I found Glossary of Aftermarket Terms and dug this stuff up:
SKU: Stock Keeping Unit. Refers to each single item carried by a retailer. Every color, style and item having its own vendor or vendee number has its own SKU.
Keystone: A markup of 100% or more.
Loss Leader: A high-demand product such as motor oil or spark plugs, sold at cost or below to draw customers into a store.
Velocity Price: Pricing system based on relative movement within a product line (usually discounting faster moving items more deeply than slower movers).
Ad Slicks: Black and white reproducible artwork used for packaging and advertising.
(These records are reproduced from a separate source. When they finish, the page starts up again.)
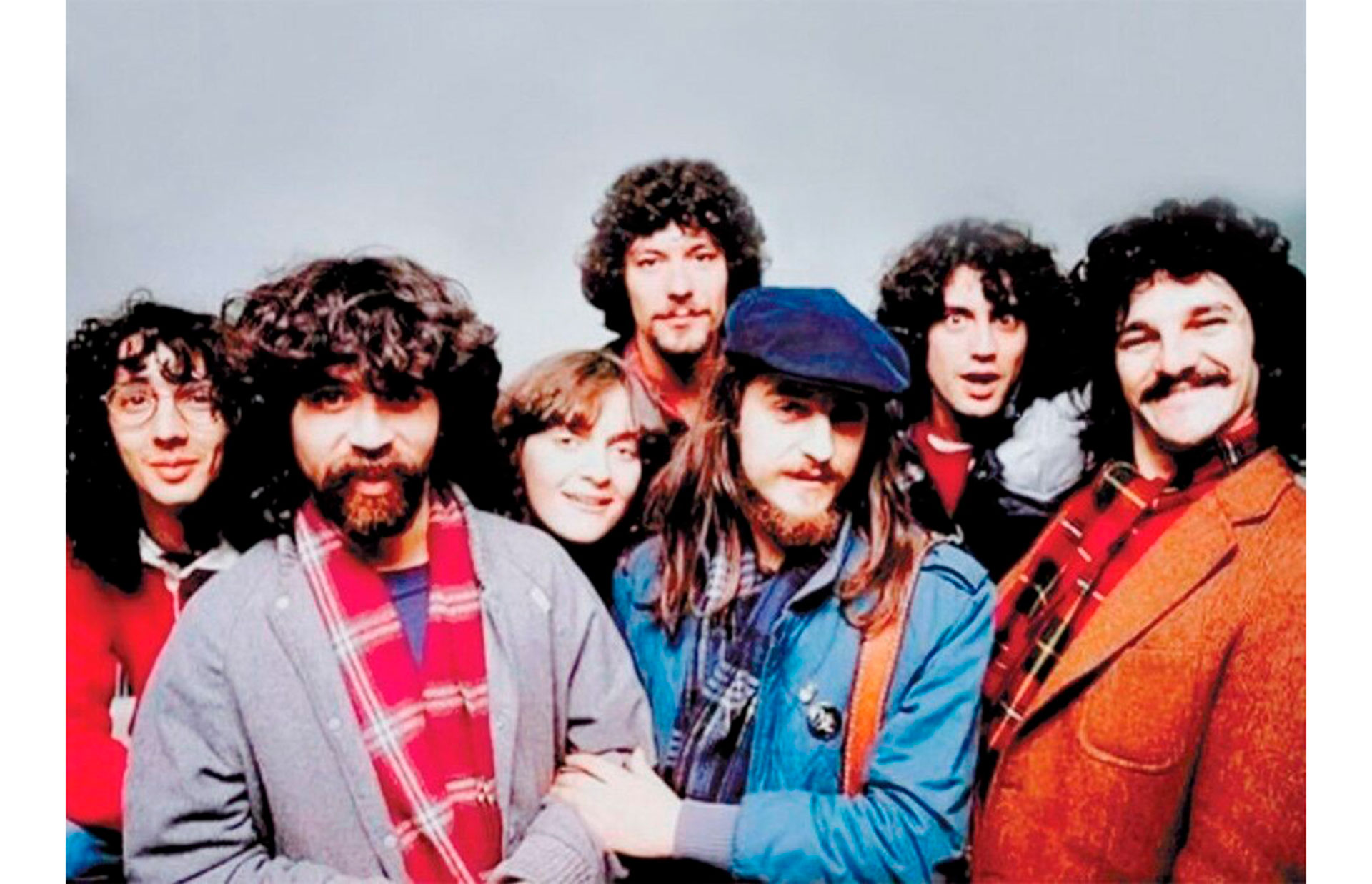 “Las cosas tienen movimiento”, el libro que cuenta la trova rosarina de Baglietto y Fito Páez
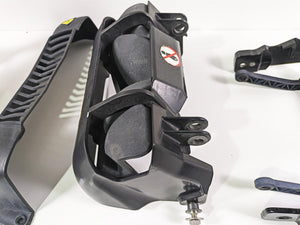 2010 Sea-Doo 4-Tec RXT 215 Reverse Gate Kit Set 268000033 268000155 267000397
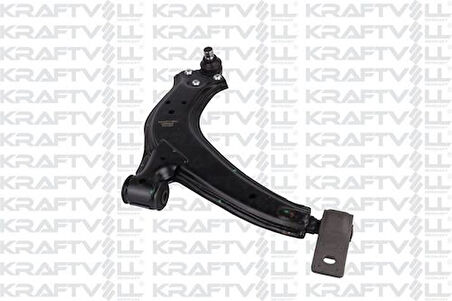 Kraftvoll 13050069 Salıncak Alt Komple Sağ Partner-Berlingo (00-08) Xsara II-Zx 3521.69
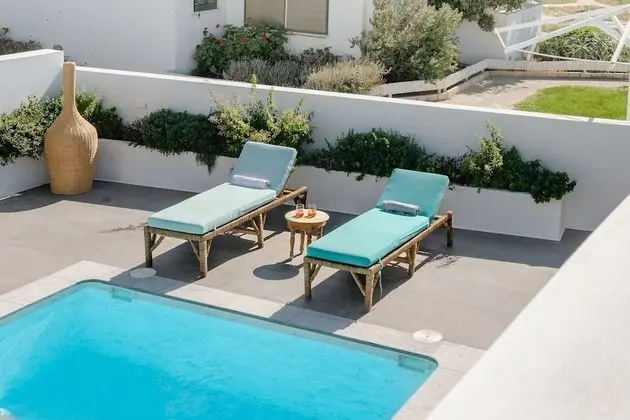 Luxury Apart Daire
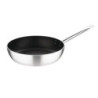Antikleef Inductie Sauteerpan Ø 320 mm Vogue | Teflon Platinum Plus Coating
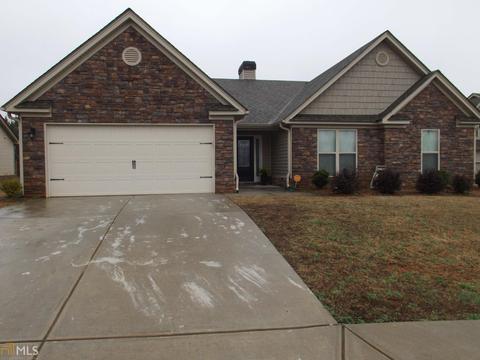 105 Cherohala Ct, Covington, GA 30016 photo 1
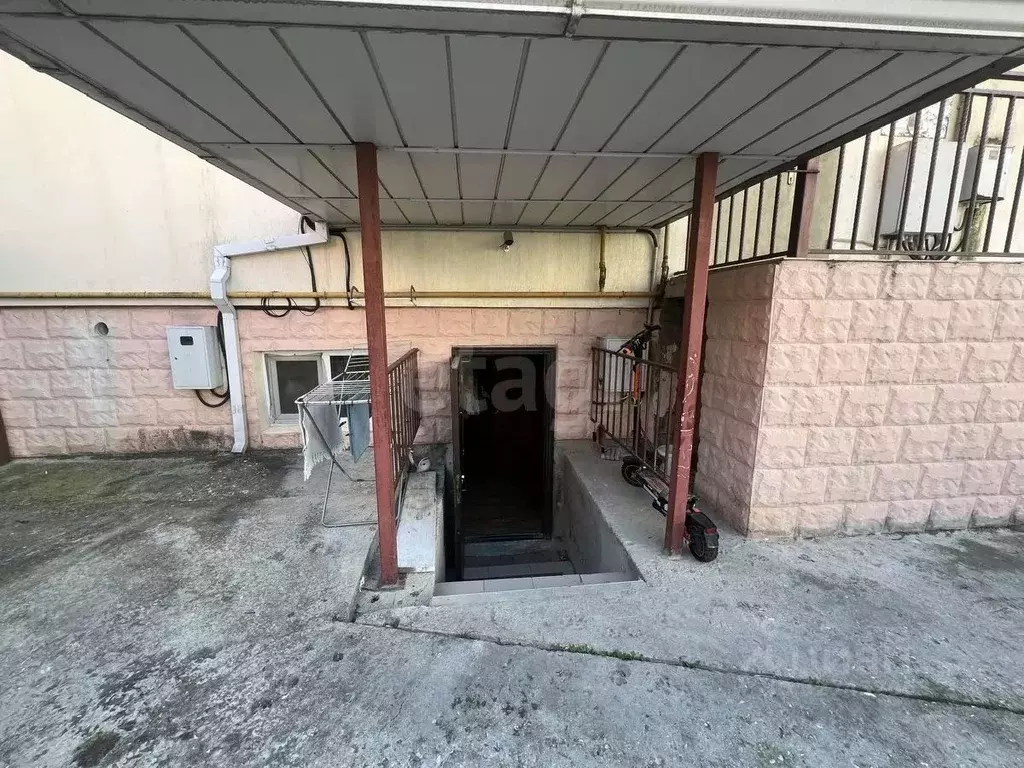 Офис в Краснодарский край, Геленджик Южный мкр, ул. Маяковского, 5А ... - Фото 2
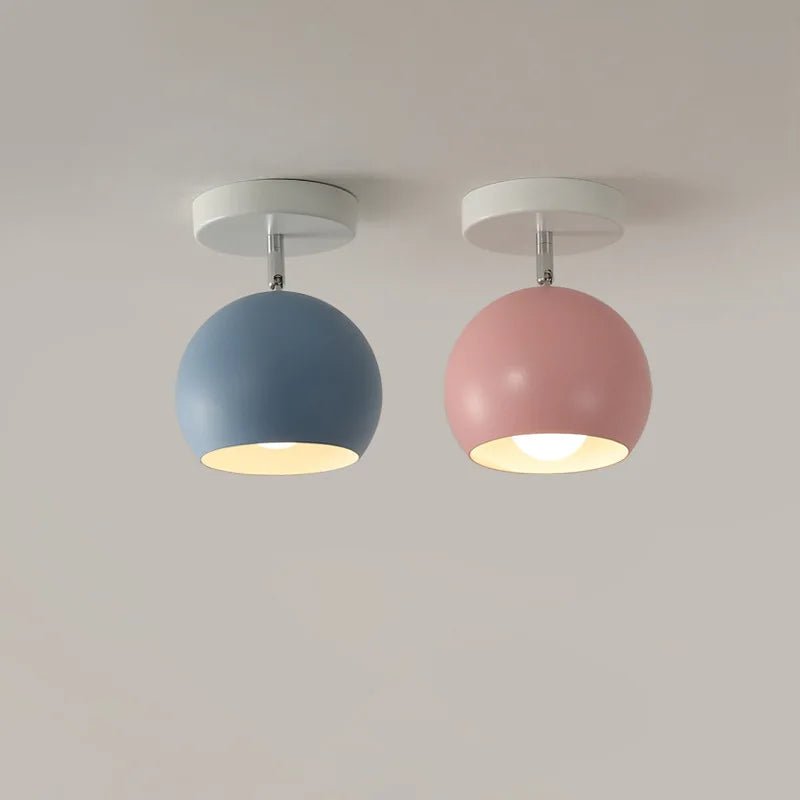 SweetLume - Macaroon Ceiling Lights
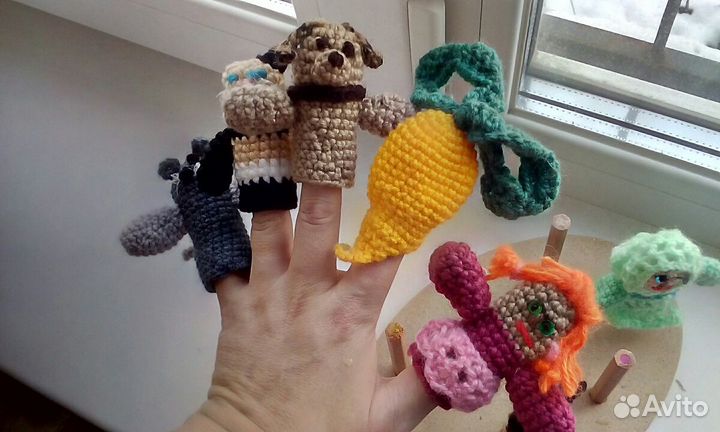 Кукольный театр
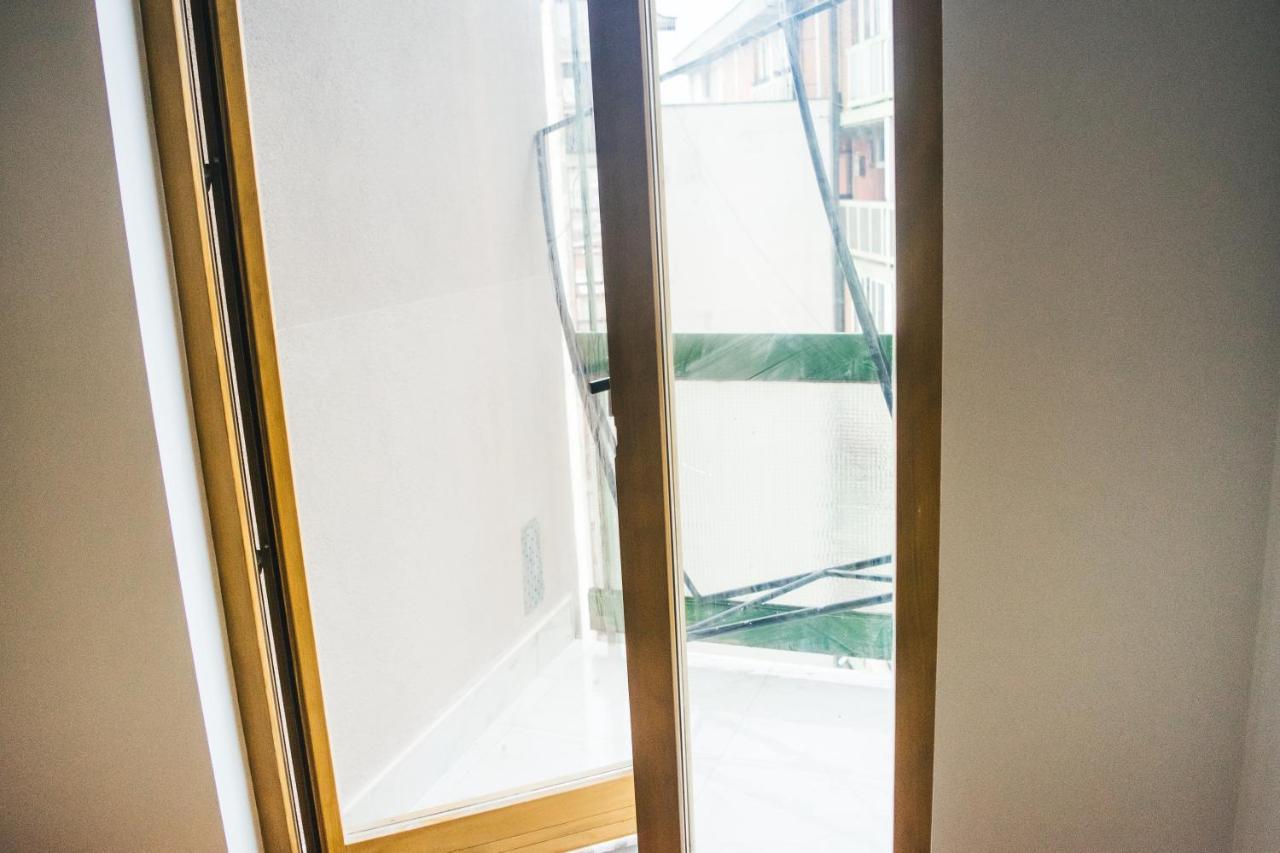 Aparment Theatre Apartment Nis Ngoại thất bức ảnh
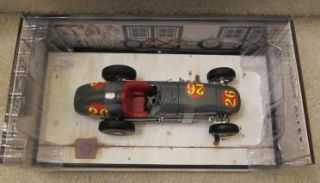 Bill Vukovich 4552 Carousel 1 1952 Roadster Indy 500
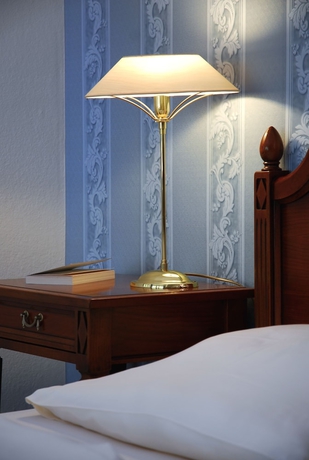 Imagen de la habitación del Hotel Landhaus Eggert. Foto 7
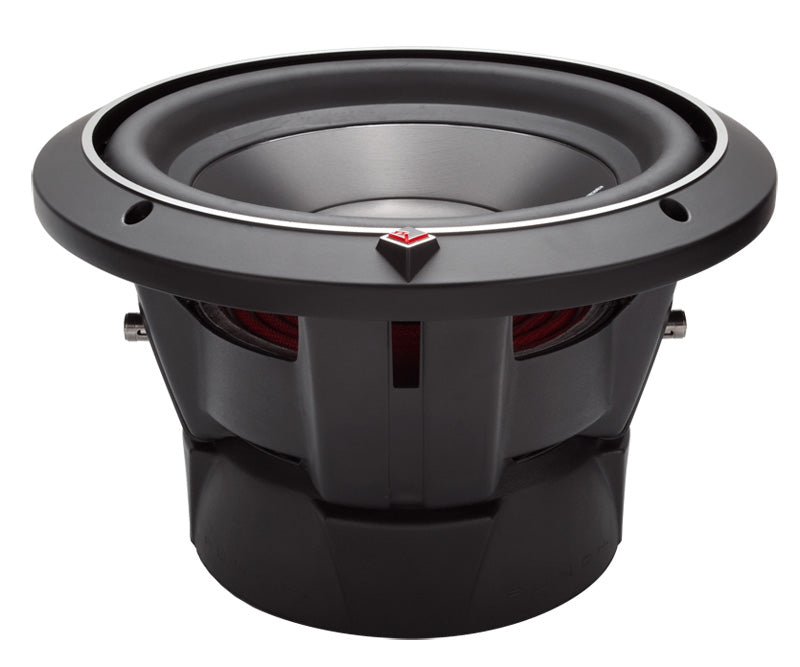 Rockford Fosgate P3D210 12-Inch Car Subwoofer - 1000W Peak Power, High-Performance Bass for Cars & Trucks - Perfect for Car Audio Upgrades & Sound Systems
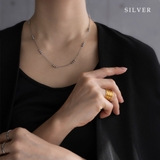 ネックレス ステンレス製 レディース | Jewel vox | 詳細画像2 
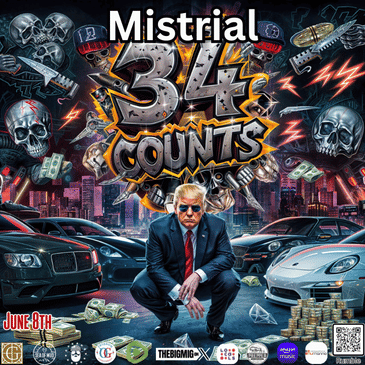 Mistrial in New York Case? |EP014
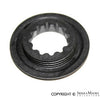 Porsche Mirror Control Trim - 911 74-98 - 930 76-89 911-613-425-00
When I was working on online stores, I once asked in a meeting what SKU stood for. Interestingly enough nobody knew the correct answer. I looked it up on the Net later.
You know those strings of items that festoon the shelves that we now know are called gondolas?
(image from http://www.hubert.com)
Apparently those are called “impulse strips”. When will they come up with warp strips?
Now, this is an interesting name for a suprmarket layout:
(taken from http://www.discountshelving.com)
(Illustration 1) Racetrack Layout
Racetrack Layout consists of a main aisle that will lead customers from the front area, around the whole store, and leads them at the check out counter. It is designed for two-way traffic that directs customers to what they are looking for.